If You Can Elect Portability, Why Do Marital Estate Tax Planning?
You probably don’t have a federally taxable estate since you can give away$5.49 million (in 2017) tax free. And if you’re married, when you die your spouse can elect to inherit your unused tax-free amount and be able to give away up to $11 million tax free. This is known as “portability” and is explained here.
Prior to the enactment of portability in 2012, married couples had to establish trusts in order to shelter funds and protect the estate of the first spouse who died from being taxed when the second spouse dies. These are often referred to as “QTIP” or “credit shelter” trusts. The question is if you have less than $11 million dollars is there any reason to partake in estate tax planning? Here are a few reasons to consider:
- Your state may have a lower estate tax threshold and not permit portability.

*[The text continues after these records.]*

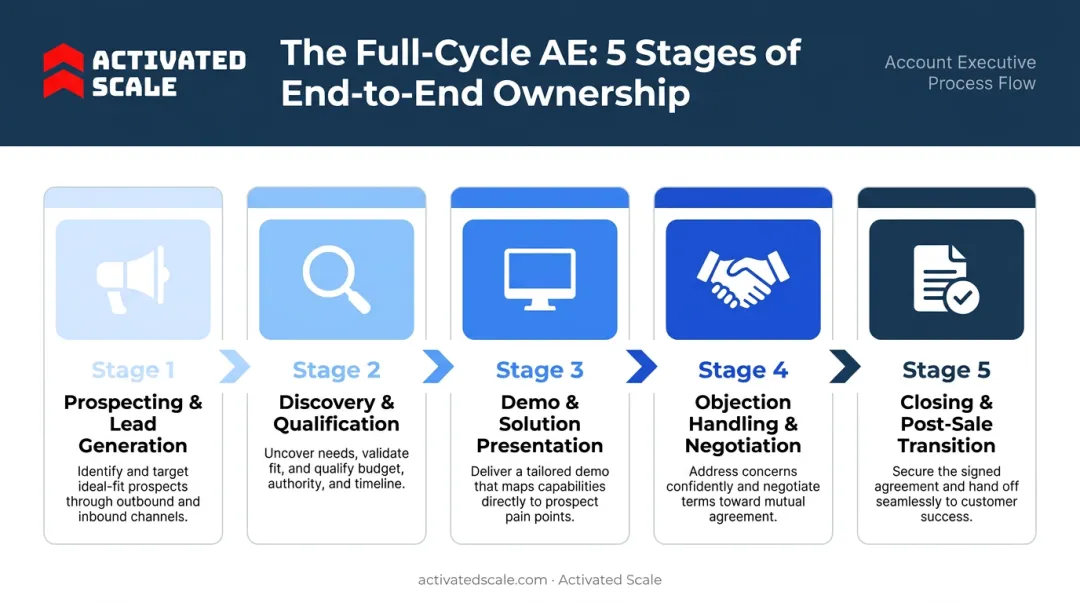 Five-stage full cycle account executive sales process flow from prospecting to close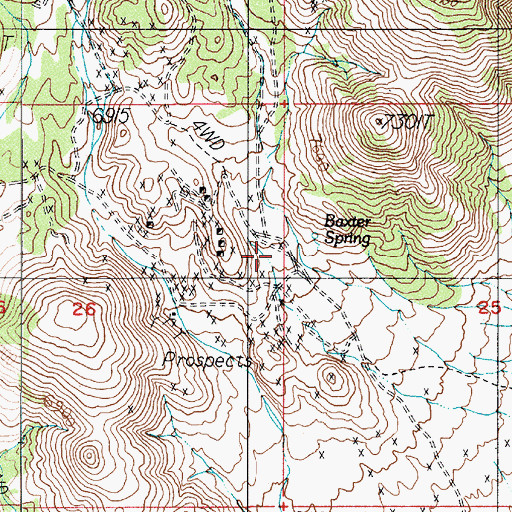 Topographic Map of Baxter Springs (historical), NV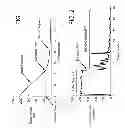 Fig. 02 - SIMULATION OF PATIENT DRAIN PHASE IN PERITONEAL DIALYSIS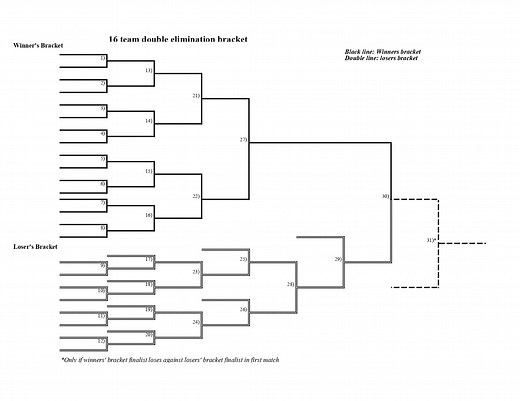 16-Team Double-Elimination Brackets to Print Out - Interbasket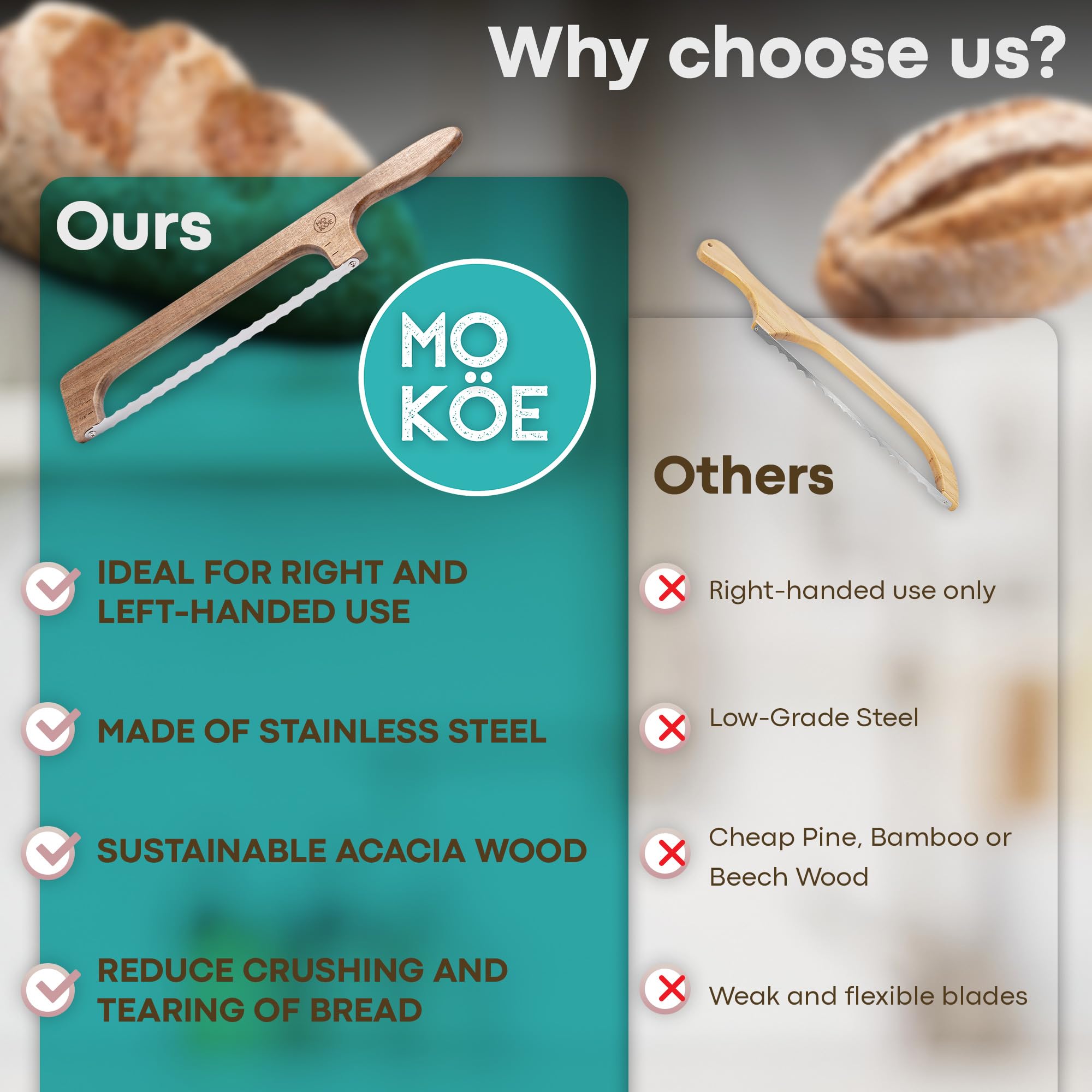 MO KÖE 16” Wooden Bread Knife - Double Serrated Stainless Steel Blade - Bow Knife for Homemade & Sourdough Bread - Ambidextrous Design for Right & Left Handed Users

That is the case in Massachusetts, where I practice. Here the threshold is $1 million, so even if your estate value is much less than $5.49 million you may want to engage in tax planning to lower or eliminate the Massachusetts estate tax.
- To protect growth. If you fund your trust with up to $5.49 million and the value of the trust assets grows, they will not be in your spouse’s estate. For example if you and your spouse each have $5.49 million and your share of the estate grows by $1 million before she dies, if you leave it in trust, the extra $1 million will not be taxed upon your spouse’s death. But if he has $12 million it will be taxed even if he does elect portability.
- Creditor protection. Funds you leave your spouse in trust can be protected from her creditors.
- Second marriage protection. Funds you leave in trust can stay in the family and not go to the new spouse or her family.
- Dementia protection. Seniors in the United States increasingly are becoming targets of scams. If you name a co-trustee other than your spouse to the trust you leave for him, it will provide ample protection against his vulnerability to bad decisions and predators should cognitive decline develop.
Of course, most of these reasons to consider estate tax planning despite the availability of portability are reasons to engage in estate planning and consider the use of trusts even if you do not have a taxable estate.